“I am only one, but still I am one.
I cannot do everything, but still I can do something.
And because I cannot do everything,
I will not refuse to do the something I can do.”

Edward Everett Hale

Sunday 21 December 2014

Silent Night, Holy Truce

Today I, and other ministers and worship leaders across the country, will be leading a Christmas service with a difference. I will be commemorating that special day in 1914, when ordinary soldiers at the Front "all the way from the North Sea to Switzerland" decided that their common humanity, their common Christianity, was more important than continuing to fight each other.

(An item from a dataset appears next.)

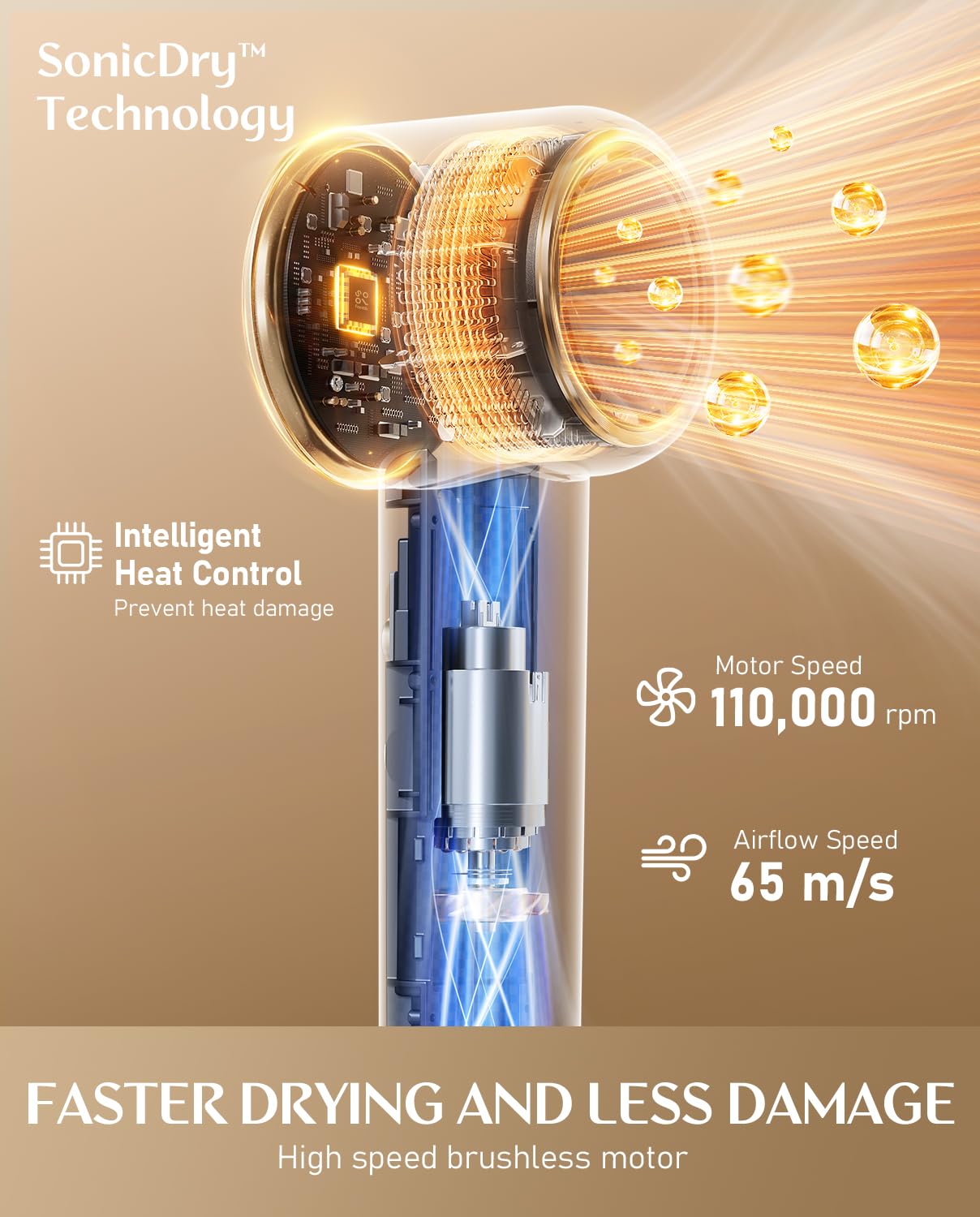 FanttikSolo SonicDry H10 APEX Hair Dryer, Ionic Fast Drying Blow Dryer with HD Display, Brushless Motor, Thermo-Control, Magnetic Concentrator, 110000 RPM High-Speed, LightFlow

The Martin Luther King Peace Committee sent round a marvellous resource pack, entitled Silent Night, Holy Truce, from which I have obtained most of the material for the service. And I would like to share some words from this, and to reflect on them:

"Although the most famous, the Christmas truces weren't isolated incidents. They followed weeks of unofficial fraternisation by soldiers who discovered that, rather than being monsters, the other side were men like themselves, with a preference for staying alive rather than dying. Common humanity oftentimes broke through the propaganda images perpetrated by both sides. Throughout the entire war, many combatants managed, through the so-called 'live-and-let-live' system, to reduce discomfort and risk by complicated local truces and tacit understandings that enraged the high commands on both sides. Nonetheless, the truces are a key moment in the history of the period that reopened the possibility of a Europe based on peace and solidarity rather than imperial violence and nationalism.

We argue that the impromptu Christmas worship services held in no-man's land offer a glimpse of the church as it is meant to be, a new nation of peacemakers uniting former enemies in love and friendship as they celebrate the birth of Jesus."

And we Unitarians today can witness for peace too. Many individuals and congregations are members of the Unitarian Peace Fellowship, founded in the darkest days of the First World War. Members of the UPF "witness for peace and against the futility of war. Today our vision includes the ethos and values of the Charter for Compassion. The surest route to peace is through the compassion of human beings for each other, and for all living things. We support and encourage Unitarians in their witness for Peace and Compassion, locally, nationally, and internationally."

In this year of the centenary of the "war to end all wars", various countries around the world are in a state of bitter conflict with each other, or with themselves. The recent tragic massacre in Peshawar is just the most recent example of this. The efforts of everyone who believes in the possibility of world peace are needed, now more than ever. So that the sacrifice that the men in the Great War made, should not be altogether wasted.

I wish you a very Merry Christmas, and a Happy and Peaceful New Year.